Other tweaks are for the worse and usually not applied to older policyholders due to the existing contractual agreement in place. For instance, the definitions of critical illnesses were less strict for some (really) old policies, which leaves “wriggle room” for a claimant to prove his claim. Now, the definitions are standardised with arguably stricter wording. Also, premiums for critical illnesses are now all but non-guaranteed, meaning that insurers can adjust the premiums according to the claims experience. This is also true for disability income insurance policies which used to offer guaranteed premiums which older policyholders continue to enjoy.
Great products have either been replaced by more lucrative ones, or have its features stripped down to protect the company’s bottom-line. Disability income insurance, for example, used to be offered by a mere three companies. A few corporate decisions later – only two of this very essential form of insurance is left, features have been reduced and one has a very bad contractual clause. Will we see the remaining one viable policy neutered in the interest of profits? I am not sure and I hope not, but one thing we can all believe in is that financial institutions will always seek to maximise their profits.
Dearth of competent and ethical advisers
The second reason would be that financial advisers would become increasingly occupied with existing clients and have no time for new ones. I am referring to competent and ethical financial advisers who know that they have to stop taking in new clients once they have reached a certain number in order to provide continual and good service to their clients. With majority of the industry’s practitioners in tied agency and another bulk of it in banks, this type of adviser is a lot harder to find than one thinks. I doubt many people aspire to be this kind of adviser.

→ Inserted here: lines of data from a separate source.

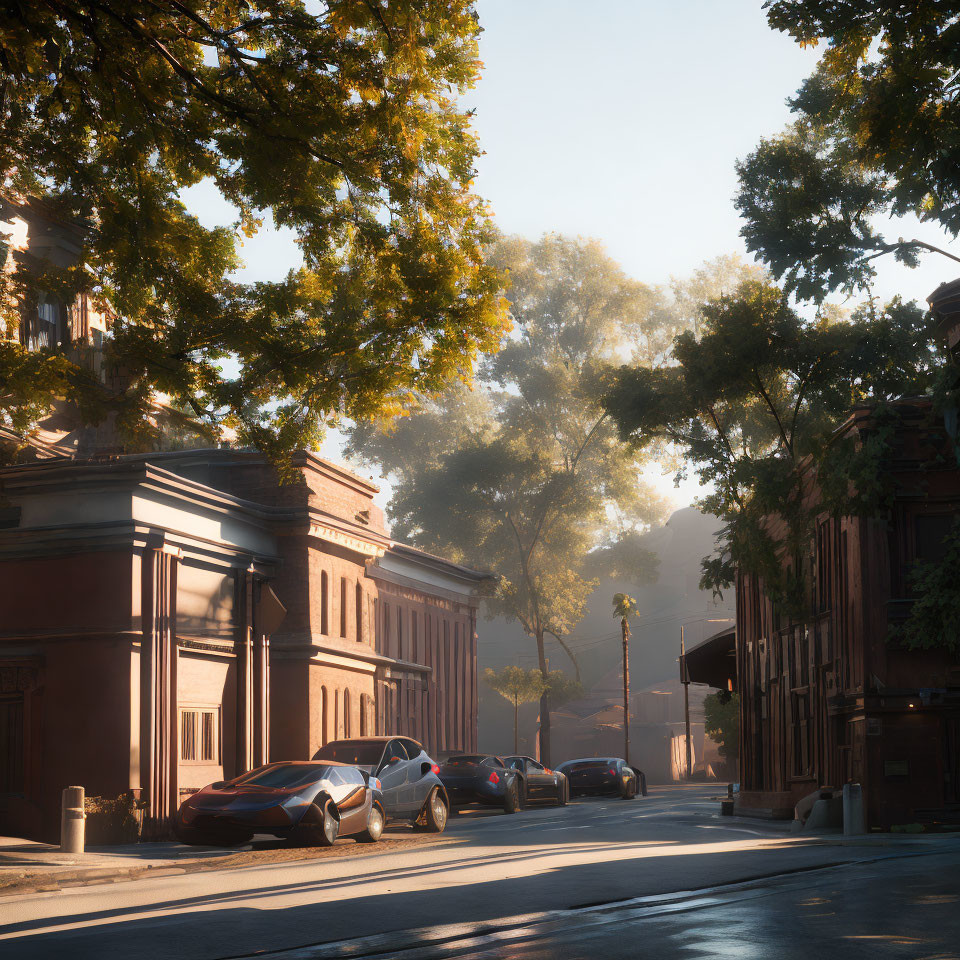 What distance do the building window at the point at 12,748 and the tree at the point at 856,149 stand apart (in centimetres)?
1763

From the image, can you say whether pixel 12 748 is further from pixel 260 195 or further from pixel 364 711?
pixel 260 195

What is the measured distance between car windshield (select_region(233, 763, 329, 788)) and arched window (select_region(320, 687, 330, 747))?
13.3m

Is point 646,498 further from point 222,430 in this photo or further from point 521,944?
point 521,944

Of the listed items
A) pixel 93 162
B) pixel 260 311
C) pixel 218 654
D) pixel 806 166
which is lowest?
pixel 218 654

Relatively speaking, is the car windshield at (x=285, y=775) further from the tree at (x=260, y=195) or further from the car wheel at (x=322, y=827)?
the tree at (x=260, y=195)

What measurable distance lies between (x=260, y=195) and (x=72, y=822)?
10.4 meters

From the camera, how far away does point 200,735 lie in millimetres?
27812

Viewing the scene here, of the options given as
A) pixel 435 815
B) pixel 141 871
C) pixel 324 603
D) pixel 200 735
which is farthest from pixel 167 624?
pixel 141 871

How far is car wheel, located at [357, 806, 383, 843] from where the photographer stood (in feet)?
66.7

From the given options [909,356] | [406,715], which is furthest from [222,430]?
[406,715]

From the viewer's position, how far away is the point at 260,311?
627 inches

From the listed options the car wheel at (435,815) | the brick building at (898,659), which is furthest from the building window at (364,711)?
the brick building at (898,659)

Look at how the industry is recruiting. Be it tied agencies, banks, independent or non-independent financial advisory firms, the focus is on income, incentive trips and job perks. Ethics is only paid passing lip service, and competency refers to one’s salesmanship and closing success. The thing is – this is completely natural. People work for money and tend to want to maximise their incomes. One of the first few things people discuss with their friends when they get a new job is probably how much the salary is. However, the self-selecting process of promising high remuneration to new entrants to this industry will just mean that people come onboard with the intention to earn top dollars, and this will more likely than not be at the expense of their clients. In the first place, due to a lack of competency and being given skewed training, they will not even think that whatever they are doing is ethically dubious or harmful to the people who have entrusted them with their financial affairs.
When one cannot find a proper financial adviser, he will then have to “deal with the devil” by engaging a product pusher or perhaps resorting to Do-It-Yourself. Both can end disastrously.
Yesterday you said tomorrow
Last but not least, one cannot underestimate the chronic nature of procrastination. It is like a snooze button that is repeatedly pressed in the morning when one lazes in bed. Putting off doing things can mean that something is not done until it is too late. It makes little difference if you do it at age 26 rather than 25, but some people wait until 30, 40 or perhaps 50 to realise they have not done something that they should have done.
It also makes little difference if you do it later rather than now, until the “difference” happens – I have had such a few encounters whereby two different individuals paid thousands of dollars in hospitalisation expenses because they were considering taking up a basic hospitalisation plan. I also have had a young person scoff at the idea of insurance I was proposing until a short few months later where the person is now uninsurable. Such “horror stories” are told because they happen.
Thinking of getting it done does nothing for your financial health, but may just adversely affect your mental health. Worrying over an uncompleted thing does nothing. Get it done right, and be done with it. Peace of mind is perhaps one of the most invaluable outcomes of proper financial planning.